_What the exercise asks_
Once you have read the data below, print all of it exactly.

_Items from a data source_

------------------------------------------------------------

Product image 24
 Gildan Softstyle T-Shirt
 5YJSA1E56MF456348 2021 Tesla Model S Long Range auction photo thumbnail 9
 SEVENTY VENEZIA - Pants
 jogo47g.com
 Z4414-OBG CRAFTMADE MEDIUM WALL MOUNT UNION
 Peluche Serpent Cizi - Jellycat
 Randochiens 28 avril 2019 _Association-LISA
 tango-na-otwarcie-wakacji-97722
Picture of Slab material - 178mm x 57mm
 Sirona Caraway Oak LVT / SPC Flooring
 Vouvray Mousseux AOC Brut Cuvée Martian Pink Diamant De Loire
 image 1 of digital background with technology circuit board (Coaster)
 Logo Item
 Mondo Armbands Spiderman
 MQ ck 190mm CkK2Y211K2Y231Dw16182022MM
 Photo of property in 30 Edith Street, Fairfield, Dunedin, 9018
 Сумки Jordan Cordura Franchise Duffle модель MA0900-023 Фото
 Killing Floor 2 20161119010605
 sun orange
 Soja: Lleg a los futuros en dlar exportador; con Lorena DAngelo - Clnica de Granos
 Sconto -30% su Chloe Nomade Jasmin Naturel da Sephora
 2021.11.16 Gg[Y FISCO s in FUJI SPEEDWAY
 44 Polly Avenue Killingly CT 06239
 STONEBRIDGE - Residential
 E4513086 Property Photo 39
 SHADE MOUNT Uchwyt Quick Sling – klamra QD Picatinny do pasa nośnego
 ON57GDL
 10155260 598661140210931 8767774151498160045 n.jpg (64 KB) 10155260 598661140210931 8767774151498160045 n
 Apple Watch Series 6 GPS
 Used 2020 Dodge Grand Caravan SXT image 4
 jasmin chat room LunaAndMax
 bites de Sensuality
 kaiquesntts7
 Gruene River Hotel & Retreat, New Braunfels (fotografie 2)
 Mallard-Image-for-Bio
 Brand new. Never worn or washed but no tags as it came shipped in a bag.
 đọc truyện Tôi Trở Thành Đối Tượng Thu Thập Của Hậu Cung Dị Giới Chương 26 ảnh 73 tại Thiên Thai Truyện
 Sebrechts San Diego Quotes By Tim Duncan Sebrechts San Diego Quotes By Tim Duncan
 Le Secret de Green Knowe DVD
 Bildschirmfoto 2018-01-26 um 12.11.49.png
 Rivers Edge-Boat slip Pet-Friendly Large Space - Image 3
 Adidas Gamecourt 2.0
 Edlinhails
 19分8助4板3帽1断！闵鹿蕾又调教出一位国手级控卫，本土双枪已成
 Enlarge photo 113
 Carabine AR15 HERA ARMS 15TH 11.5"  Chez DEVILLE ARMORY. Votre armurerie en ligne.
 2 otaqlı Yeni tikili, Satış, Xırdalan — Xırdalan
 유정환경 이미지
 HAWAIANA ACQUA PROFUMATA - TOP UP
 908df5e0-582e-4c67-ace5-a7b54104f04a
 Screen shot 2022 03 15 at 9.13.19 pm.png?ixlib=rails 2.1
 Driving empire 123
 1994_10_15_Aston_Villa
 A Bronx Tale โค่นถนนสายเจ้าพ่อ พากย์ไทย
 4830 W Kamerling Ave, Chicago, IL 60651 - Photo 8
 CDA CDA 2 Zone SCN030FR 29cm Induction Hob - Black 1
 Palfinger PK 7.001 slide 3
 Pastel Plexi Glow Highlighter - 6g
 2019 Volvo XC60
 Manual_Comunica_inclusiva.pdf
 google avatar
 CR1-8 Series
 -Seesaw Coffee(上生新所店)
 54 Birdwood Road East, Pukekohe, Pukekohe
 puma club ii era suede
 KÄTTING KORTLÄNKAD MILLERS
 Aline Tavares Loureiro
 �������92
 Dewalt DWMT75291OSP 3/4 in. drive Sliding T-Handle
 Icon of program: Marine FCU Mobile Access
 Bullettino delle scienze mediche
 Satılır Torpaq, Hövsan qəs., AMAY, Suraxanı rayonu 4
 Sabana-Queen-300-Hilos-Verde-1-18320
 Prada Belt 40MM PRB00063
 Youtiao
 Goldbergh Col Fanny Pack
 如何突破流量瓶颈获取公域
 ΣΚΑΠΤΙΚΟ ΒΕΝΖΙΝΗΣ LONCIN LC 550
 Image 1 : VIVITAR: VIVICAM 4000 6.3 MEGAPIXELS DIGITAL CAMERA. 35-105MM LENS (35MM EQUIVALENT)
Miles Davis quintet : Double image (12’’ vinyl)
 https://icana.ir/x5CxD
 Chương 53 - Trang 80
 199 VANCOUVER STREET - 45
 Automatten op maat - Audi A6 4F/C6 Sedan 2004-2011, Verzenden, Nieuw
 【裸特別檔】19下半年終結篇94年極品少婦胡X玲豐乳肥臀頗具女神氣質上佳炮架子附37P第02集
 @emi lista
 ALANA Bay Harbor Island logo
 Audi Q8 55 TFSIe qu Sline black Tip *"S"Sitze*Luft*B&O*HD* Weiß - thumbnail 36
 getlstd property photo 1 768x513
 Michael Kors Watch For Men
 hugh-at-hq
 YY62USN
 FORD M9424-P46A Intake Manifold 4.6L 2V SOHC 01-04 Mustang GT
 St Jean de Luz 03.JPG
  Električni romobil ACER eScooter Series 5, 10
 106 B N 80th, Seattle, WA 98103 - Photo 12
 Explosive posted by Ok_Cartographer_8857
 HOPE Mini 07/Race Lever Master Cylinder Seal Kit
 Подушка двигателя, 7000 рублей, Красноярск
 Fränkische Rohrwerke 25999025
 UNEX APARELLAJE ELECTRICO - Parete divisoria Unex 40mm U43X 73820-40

------------------------------------------------------------

_Response below_
Product image 24
 Gildan Softstyle T-Shirt
 5YJSA1E56MF456348 2021 Tesla Model S Long Range auction photo thumbnail 9
 SEVENTY VENEZIA - Pants
 jogo47g.com
 Z4414-OBG CRAFTMADE MEDIUM WALL MOUNT UNION
 Peluche Serpent Cizi - Jellycat
 Randochiens 28 avril 2019 _Association-LISA
 tango-na-otwarcie-wakacji-97722
Picture of Slab material - 178mm x 57mm
 Sirona Caraway Oak LVT / SPC Flooring
 Vouvray Mousseux AOC Brut Cuvée Martian Pink Diamant De Loire
 image 1 of digital background with technology circuit board (Coaster)
 Logo Item
 Mondo Armbands Spiderman
 MQ ck 190mm CkK2Y211K2Y231Dw16182022MM
 Photo of property in 30 Edith Street, Fairfield, Dunedin, 9018
 Сумки Jordan Cordura Franchise Duffle модель MA0900-023 Фото
 Killing Floor 2 20161119010605
 sun orange
 Soja: Lleg a los futuros en dlar exportador; con Lorena DAngelo - Clnica de Granos
 Sconto -30% su Chloe Nomade Jasmin Naturel da Sephora
 2021.11.16 Gg[Y FISCO s in FUJI SPEEDWAY
 44 Polly Avenue Killingly CT 06239
 STONEBRIDGE - Residential
 E4513086 Property Photo 39
 SHADE MOUNT Uchwyt Quick Sling – klamra QD Picatinny do pasa nośnego
 ON57GDL
 10155260 598661140210931 8767774151498160045 n.jpg (64 KB) 10155260 598661140210931 8767774151498160045 n
 Apple Watch Series 6 GPS
 Used 2020 Dodge Grand Caravan SXT image 4
 jasmin chat room LunaAndMax
 bites de Sensuality
 kaiquesntts7
 Gruene River Hotel & Retreat, New Braunfels (fotografie 2)
 Mallard-Image-for-Bio
 Brand new. Never worn or washed but no tags as it came shipped in a bag.
 đọc truyện Tôi Trở Thành Đối Tượng Thu Thập Của Hậu Cung Dị Giới Chương 26 ảnh 73 tại Thiên Thai Truyện
 Sebrechts San Diego Quotes By Tim Duncan Sebrechts San Diego Quotes By Tim Duncan
 Le Secret de Green Knowe DVD
 Bildschirmfoto 2018-01-26 um 12.11.49.png
 Rivers Edge-Boat slip Pet-Friendly Large Space - Image 3
 Adidas Gamecourt 2.0
 Edlinhails
 19分8助4板3帽1断！闵鹿蕾又调教出一位国手级控卫，本土双枪已成
 Enlarge photo 113
 Carabine AR15 HERA ARMS 15TH 11.5"  Chez DEVILLE ARMORY. Votre armurerie en ligne.
 2 otaqlı Yeni tikili, Satış, Xırdalan — Xırdalan
 유정환경 이미지
 HAWAIANA ACQUA PROFUMATA - TOP UP
 908df5e0-582e-4c67-ace5-a7b54104f04a
 Screen shot 2022 03 15 at 9.13.19 pm.png?ixlib=rails 2.1
 Driving empire 123
 1994_10_15_Aston_Villa
 A Bronx Tale โค่นถนนสายเจ้าพ่อ พากย์ไทย
 4830 W Kamerling Ave, Chicago, IL 60651 - Photo 8
 CDA CDA 2 Zone SCN030FR 29cm Induction Hob - Black 1
 Palfinger PK 7.001 slide 3
 Pastel Plexi Glow Highlighter - 6g
 2019 Volvo XC60
 Manual_Comunica_inclusiva.pdf
 google avatar
 CR1-8 Series
 -Seesaw Coffee(上生新所店)
 54 Birdwood Road East, Pukekohe, Pukekohe
 puma club ii era suede
 KÄTTING KORTLÄNKAD MILLERS
 Aline Tavares Loureiro
 �������92
 Dewalt DWMT75291OSP 3/4 in. drive Sliding T-Handle
 Icon of program: Marine FCU Mobile Access
 Bullettino delle scienze mediche
 Satılır Torpaq, Hövsan qəs., AMAY, Suraxanı rayonu 4
 Sabana-Queen-300-Hilos-Verde-1-18320
 Prada Belt 40MM PRB00063
 Youtiao
 Goldbergh Col Fanny Pack
 如何突破流量瓶颈获取公域
 ΣΚΑΠΤΙΚΟ ΒΕΝΖΙΝΗΣ LONCIN LC 550
 Image 1 : VIVITAR: VIVICAM 4000 6.3 MEGAPIXELS DIGITAL CAMERA. 35-105MM LENS (35MM EQUIVALENT)
Miles Davis quintet : Double image (12’’ vinyl)
 https://icana.ir/x5CxD
 Chương 53 - Trang 80
 199 VANCOUVER STREET - 45
 Automatten op maat - Audi A6 4F/C6 Sedan 2004-2011, Verzenden, Nieuw
 【裸特別檔】19下半年終結篇94年極品少婦胡X玲豐乳肥臀頗具女神氣質上佳炮架子附37P第02集
 @emi lista
 ALANA Bay Harbor Island logo
 Audi Q8 55 TFSIe qu Sline black Tip *"S"Sitze*Luft*B&O*HD* Weiß - thumbnail 36
 getlstd property photo 1 768x513
 Michael Kors Watch For Men
 hugh-at-hq
 YY62USN
 FORD M9424-P46A Intake Manifold 4.6L 2V SOHC 01-04 Mustang GT
 St Jean de Luz 03.JPG
  Električni romobil ACER eScooter Series 5, 10
 106 B N 80th, Seattle, WA 98103 - Photo 12
 Explosive posted by Ok_Cartographer_8857
 HOPE Mini 07/Race Lever Master Cylinder Seal Kit
 Подушка двигателя, 7000 рублей, Красноярск
 Fränkische Rohrwerke 25999025
 UNEX APARELLAJE ELECTRICO - Parete divisoria Unex 40mm U43X 73820-40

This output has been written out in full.